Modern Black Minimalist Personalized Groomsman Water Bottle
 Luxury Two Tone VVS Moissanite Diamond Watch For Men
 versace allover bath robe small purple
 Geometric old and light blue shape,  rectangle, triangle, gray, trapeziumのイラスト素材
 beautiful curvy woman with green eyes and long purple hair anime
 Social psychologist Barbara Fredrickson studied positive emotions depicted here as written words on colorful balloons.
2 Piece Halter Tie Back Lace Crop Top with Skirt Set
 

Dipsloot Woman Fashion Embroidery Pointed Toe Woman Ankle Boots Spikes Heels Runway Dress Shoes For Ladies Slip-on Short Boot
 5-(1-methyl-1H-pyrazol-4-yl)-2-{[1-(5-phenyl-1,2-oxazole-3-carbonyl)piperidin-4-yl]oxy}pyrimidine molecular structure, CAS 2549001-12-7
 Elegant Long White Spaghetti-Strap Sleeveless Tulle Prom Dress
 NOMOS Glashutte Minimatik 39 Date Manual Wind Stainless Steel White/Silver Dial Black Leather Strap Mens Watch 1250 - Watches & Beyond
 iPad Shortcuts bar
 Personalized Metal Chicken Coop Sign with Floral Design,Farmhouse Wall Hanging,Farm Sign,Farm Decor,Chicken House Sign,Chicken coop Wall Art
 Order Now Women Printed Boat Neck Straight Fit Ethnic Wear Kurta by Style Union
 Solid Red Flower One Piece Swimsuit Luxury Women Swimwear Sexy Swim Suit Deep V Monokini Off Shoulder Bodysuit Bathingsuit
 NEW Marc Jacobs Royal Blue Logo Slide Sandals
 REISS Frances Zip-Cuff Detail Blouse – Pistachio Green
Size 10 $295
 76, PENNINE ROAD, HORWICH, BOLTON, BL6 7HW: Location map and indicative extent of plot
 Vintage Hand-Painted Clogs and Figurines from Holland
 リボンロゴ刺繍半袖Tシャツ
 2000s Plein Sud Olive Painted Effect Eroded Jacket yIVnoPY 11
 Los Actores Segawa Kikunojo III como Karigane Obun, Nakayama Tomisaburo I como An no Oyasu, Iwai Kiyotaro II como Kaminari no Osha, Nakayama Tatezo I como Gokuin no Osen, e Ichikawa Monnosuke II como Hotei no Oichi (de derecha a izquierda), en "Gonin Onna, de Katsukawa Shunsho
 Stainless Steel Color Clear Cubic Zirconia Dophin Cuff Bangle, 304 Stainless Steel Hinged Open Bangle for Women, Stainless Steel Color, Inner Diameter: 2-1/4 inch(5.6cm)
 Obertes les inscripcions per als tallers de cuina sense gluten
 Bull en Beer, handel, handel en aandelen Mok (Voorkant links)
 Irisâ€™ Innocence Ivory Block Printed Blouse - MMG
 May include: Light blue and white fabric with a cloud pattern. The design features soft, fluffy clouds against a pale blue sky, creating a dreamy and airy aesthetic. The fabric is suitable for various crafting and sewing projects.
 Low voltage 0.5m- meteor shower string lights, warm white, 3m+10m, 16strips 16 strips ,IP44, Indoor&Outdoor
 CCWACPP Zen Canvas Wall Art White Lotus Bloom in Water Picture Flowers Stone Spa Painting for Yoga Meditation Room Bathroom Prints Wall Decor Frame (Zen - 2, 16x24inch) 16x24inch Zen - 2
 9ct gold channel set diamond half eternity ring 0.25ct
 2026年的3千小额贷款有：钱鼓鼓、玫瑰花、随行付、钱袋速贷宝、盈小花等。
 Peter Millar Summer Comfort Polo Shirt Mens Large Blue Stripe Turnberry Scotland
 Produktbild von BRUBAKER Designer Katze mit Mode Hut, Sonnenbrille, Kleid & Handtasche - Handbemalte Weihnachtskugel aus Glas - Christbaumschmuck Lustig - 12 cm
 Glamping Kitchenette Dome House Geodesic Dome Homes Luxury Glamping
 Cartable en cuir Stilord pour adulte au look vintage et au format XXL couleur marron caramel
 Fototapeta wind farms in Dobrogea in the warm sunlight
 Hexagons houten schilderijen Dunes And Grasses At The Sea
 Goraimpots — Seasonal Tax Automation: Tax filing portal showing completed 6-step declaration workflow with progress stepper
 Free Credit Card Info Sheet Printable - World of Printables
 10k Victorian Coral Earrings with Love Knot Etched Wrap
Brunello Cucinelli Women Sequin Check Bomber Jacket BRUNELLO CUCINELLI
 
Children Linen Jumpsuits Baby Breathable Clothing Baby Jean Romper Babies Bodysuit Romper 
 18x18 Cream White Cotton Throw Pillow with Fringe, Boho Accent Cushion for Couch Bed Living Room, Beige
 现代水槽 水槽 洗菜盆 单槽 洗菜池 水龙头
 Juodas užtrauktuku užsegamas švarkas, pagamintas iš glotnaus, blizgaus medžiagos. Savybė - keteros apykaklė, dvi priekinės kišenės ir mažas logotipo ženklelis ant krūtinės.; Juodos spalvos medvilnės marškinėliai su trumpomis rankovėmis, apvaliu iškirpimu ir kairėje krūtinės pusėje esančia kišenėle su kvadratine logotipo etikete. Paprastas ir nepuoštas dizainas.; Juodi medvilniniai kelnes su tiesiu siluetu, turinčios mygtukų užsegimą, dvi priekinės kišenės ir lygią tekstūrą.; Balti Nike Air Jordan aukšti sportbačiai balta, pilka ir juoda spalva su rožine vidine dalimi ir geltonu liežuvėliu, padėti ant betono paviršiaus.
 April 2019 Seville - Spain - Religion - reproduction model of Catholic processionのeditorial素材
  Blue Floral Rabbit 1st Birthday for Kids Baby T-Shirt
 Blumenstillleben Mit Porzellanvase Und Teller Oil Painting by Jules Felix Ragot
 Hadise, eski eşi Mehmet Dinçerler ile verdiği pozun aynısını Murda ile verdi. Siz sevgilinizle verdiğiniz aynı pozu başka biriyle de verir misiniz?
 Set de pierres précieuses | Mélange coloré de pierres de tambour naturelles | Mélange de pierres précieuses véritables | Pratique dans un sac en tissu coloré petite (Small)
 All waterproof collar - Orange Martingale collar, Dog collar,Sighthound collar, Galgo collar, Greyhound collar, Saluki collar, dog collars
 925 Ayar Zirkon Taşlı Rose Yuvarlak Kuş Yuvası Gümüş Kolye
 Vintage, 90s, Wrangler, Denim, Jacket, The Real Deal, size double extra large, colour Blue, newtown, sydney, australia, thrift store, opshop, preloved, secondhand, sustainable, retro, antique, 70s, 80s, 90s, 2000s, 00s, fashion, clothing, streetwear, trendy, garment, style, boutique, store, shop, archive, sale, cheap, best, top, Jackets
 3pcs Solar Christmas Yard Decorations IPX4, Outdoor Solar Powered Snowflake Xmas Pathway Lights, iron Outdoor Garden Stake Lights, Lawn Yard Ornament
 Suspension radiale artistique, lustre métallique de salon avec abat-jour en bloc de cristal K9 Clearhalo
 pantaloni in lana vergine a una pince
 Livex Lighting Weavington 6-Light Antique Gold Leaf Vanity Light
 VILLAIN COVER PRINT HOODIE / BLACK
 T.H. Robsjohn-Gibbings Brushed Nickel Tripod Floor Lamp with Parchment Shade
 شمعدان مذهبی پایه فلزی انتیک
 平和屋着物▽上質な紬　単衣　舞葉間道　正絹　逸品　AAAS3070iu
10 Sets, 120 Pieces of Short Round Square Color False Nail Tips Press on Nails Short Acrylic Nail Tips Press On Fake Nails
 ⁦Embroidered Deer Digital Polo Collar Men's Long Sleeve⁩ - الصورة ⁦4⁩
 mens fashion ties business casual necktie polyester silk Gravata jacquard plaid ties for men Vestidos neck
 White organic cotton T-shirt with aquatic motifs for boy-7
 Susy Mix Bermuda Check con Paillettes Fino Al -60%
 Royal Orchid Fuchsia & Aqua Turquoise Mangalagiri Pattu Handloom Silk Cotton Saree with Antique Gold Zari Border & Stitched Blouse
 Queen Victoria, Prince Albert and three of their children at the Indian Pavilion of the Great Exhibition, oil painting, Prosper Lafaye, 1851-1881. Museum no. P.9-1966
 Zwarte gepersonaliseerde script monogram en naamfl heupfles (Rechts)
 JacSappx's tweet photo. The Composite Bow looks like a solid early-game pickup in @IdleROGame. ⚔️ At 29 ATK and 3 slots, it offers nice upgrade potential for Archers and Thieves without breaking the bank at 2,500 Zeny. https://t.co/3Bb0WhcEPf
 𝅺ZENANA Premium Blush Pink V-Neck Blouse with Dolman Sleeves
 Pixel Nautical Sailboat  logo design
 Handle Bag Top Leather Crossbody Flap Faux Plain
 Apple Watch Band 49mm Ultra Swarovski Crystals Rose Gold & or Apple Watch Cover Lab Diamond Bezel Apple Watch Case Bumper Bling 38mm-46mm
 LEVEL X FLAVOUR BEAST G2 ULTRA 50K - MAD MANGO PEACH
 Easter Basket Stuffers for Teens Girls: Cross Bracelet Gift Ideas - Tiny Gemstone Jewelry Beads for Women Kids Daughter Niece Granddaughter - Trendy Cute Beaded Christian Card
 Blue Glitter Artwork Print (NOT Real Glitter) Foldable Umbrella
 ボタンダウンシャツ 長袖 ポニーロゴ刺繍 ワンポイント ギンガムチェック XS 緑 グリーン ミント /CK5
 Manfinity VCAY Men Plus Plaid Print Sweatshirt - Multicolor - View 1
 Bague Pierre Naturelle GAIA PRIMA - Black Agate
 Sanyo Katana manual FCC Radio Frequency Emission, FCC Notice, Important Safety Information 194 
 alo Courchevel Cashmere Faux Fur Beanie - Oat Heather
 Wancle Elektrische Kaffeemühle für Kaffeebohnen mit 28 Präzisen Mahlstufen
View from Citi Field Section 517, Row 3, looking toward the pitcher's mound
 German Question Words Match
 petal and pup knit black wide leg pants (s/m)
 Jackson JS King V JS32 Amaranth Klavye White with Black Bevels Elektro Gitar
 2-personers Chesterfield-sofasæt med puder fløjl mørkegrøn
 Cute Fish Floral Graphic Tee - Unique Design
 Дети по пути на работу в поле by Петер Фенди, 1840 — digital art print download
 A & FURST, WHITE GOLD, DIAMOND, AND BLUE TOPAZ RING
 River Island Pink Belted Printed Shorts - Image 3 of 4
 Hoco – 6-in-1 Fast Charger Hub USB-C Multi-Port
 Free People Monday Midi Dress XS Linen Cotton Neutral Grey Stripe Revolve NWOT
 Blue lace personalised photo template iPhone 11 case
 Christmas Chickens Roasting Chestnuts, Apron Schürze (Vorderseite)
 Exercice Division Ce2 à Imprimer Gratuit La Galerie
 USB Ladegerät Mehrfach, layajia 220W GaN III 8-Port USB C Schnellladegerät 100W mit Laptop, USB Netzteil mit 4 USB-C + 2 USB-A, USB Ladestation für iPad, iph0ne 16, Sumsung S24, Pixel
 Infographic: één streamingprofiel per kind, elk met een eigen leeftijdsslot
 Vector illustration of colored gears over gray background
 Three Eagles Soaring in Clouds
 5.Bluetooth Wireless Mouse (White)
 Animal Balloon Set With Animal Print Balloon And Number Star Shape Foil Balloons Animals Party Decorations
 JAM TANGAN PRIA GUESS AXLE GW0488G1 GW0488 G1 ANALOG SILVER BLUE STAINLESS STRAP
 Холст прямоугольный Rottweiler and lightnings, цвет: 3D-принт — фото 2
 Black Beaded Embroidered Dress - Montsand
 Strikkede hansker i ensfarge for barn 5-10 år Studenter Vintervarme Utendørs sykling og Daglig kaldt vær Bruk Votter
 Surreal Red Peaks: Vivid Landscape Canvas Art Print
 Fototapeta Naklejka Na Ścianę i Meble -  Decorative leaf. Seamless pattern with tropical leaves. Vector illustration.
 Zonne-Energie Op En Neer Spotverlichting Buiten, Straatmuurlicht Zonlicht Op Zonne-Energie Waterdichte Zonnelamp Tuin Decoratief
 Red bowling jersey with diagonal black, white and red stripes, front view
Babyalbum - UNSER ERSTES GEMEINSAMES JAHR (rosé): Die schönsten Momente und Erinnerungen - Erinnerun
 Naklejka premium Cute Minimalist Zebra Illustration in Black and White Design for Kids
+-------+
# EXERCISE PROMPT
Where in the entries above does the word "Luxury" appear? Copy each line that has it.

# EXPECTED OUTPUT
 Luxury Two Tone VVS Moissanite Diamond Watch For Men
 Solid Red Flower One Piece Swimsuit Luxury Women Swimwear Sexy Swim Suit Deep V Monokini Off Shoulder Bodysuit Bathingsuit
 Glamping Kitchenette Dome House Geodesic Dome Homes Luxury Glamping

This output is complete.